Es sind große, gewichtige Worte. In ihnen soll Tatkraft mitschwingen, Optimismus, eine Vision. Aber sie haben sich verbraucht. Sie klingen wie jener Engel bei Heinrich Böll, der auf dem Weihnachtsbaum sitzt und mechanisch „Frieden“ flüstert, während um ihn herum Verzweiflung herrscht. Am Dienstag trat der amerikanische Präsident vor die Vereinten Nationen. Wieder verteidigte er den Irakkrieg. Wieder sprach er von der „Ausbreitung der Freiheit“, wieder von einer besseren Welt, wieder von einer Demokratisierung des Nahen Ostens. Doch Rede und Realität trennt längst ein tiefer Graben. Im Irak tobt das Chaos. Anschläge, Entführungen und Enthauptungen folgen in immer schnellerem Tempo aufeinander. Eine überzeugende Strategie, den Aufstand niederzuschlagen, ist nicht zu erkennen. George W. Bush und der Irak: Die Bilanz ist verheerend.

Wer das bezweifelt, möge sämtliche Sicherheitsexperten befragen, die Geheimdienstdossiers studieren oder regelmäßig die Nachrichten verfolgen. Die Fakten liegen auf dem Tisch. Auch UNGeneralsekretär Kofi Annan konnte sich zum Auftakt der Generalversammlung ein paar Seitenhiebe auf die derzeitige US-Regierung nicht verkneifen. Den Vorwurf der Illegalität des Irakkrieges brauchte er nicht zu wiederholen. Inzwischen reicht es, die „Herrschaft des Rechts“ anzumahnen, damit jeder weiß, wer gemeint ist – der dickköpfige Alleingänger aus dem Weißen Haus.

Selbst Parteifreunde von Bush zeichnen bereits ein trübes, weil wahrheitsgetreues Bild der Situation. Und konservative US-Kommentatoren machen keinen Hehl mehr daraus, dass die Regierung die Truppen im Falle ihrer Wiederwahl ganz rasch abziehen wird.

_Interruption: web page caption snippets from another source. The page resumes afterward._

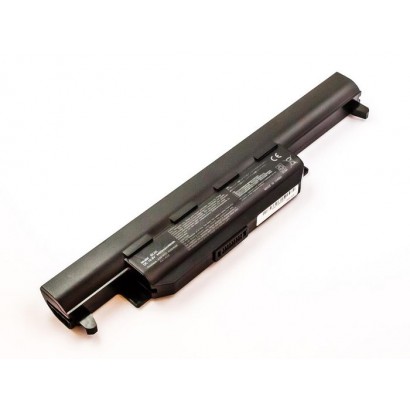 MBI2351 MBI2351 CoreParts Laptop Batteria for Asus 47,52Wh 6 Cell Li-ion 10,8V 4400mAh Black A32-K55 0B110-00050800 0B110-000...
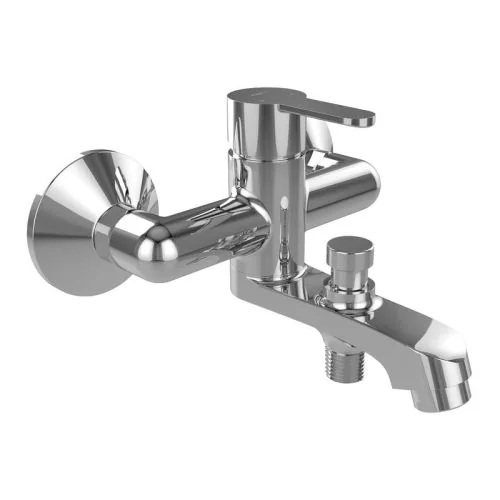 Cera Victor Single Lever Wall Mixer F1015414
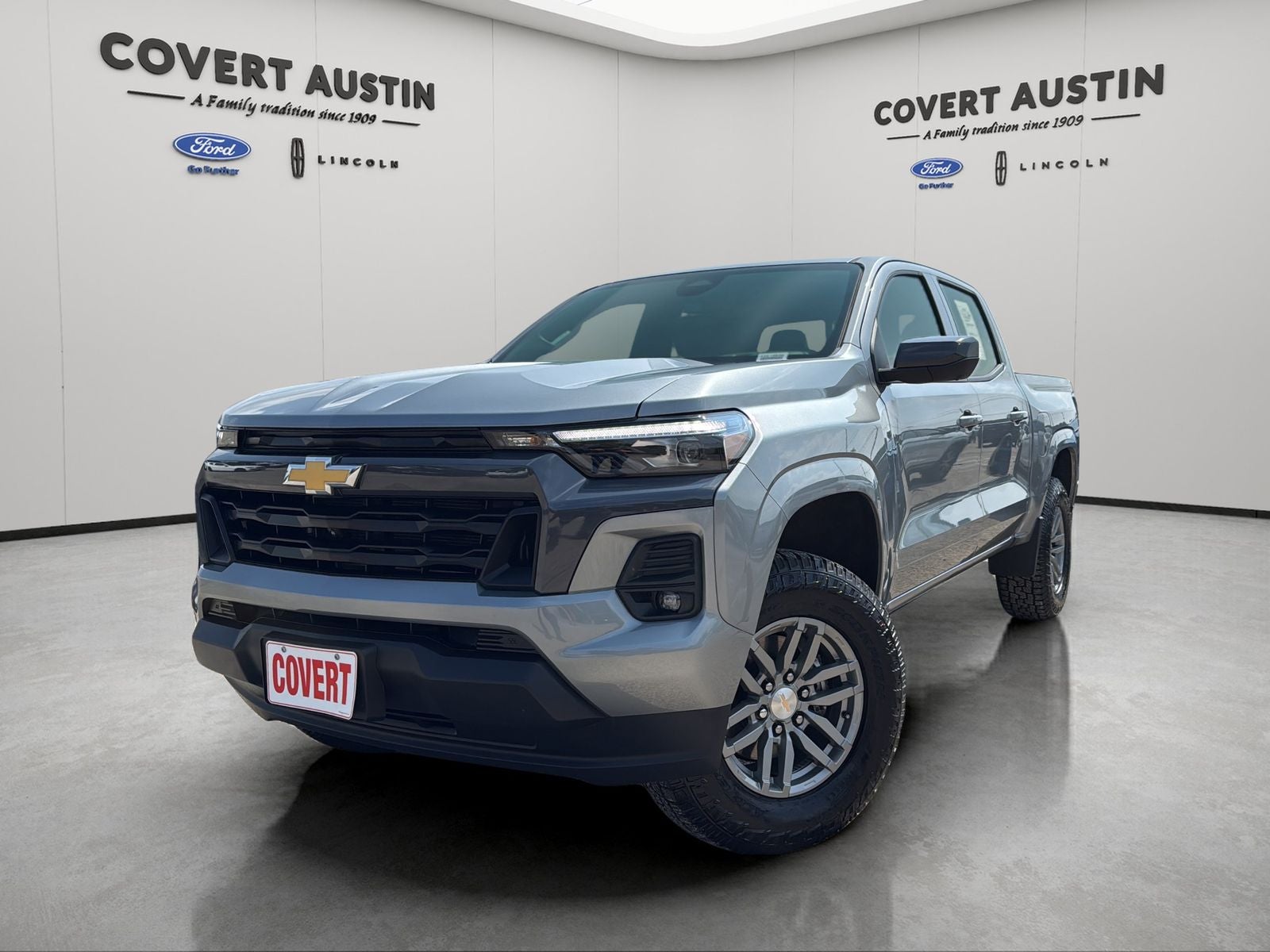 2025 Chevrolet Colorado Work Truck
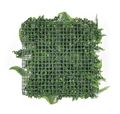 Umelá zelená stena G21 Listo Ferns, 50x50 cm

Denn natürlich spürt auch jeder im Kabinett, dass dieser Krieg ein Fehler war. Nur zugeben darf das keiner. Schließlich trägt man die Verantwortung für jene 140 000 Soldaten, die vor Ort ihr Leben einsetzen. Außerdem wird in sechs Wochen gewählt.

Die Opposition braucht nichts zu verschleiern oder zu beschönigen. Sie darf auf die Pauke hauen. Nur haben ihre Spitzenkandidaten, John Kerry und John Edwards, das lange nicht getan, weil sie sich auch damit ein Problem einhandeln. Als Senatoren haben sie im Kongress für den Krieg gestimmt. Zu diesem Votum standen sie – bis vorgestern. Nun, da die Lage im Irak eskaliert und Kerry in den Umfragen zurückliegt, haben sie die Wende vollzogen. Am Montag sagte Kerry, der Krieg sei ein Fehler gewesen. Er habe Amerika unsicherer gemacht. Von Saddam Hussein sei keine ernsthafte Gefahr ausgegangen. Das ist eine Zäsur. Zumindest haben die Demokraten eindeutig Position bezogen. Nun weiß der Wähler endlich, woran er mit ihnen ist.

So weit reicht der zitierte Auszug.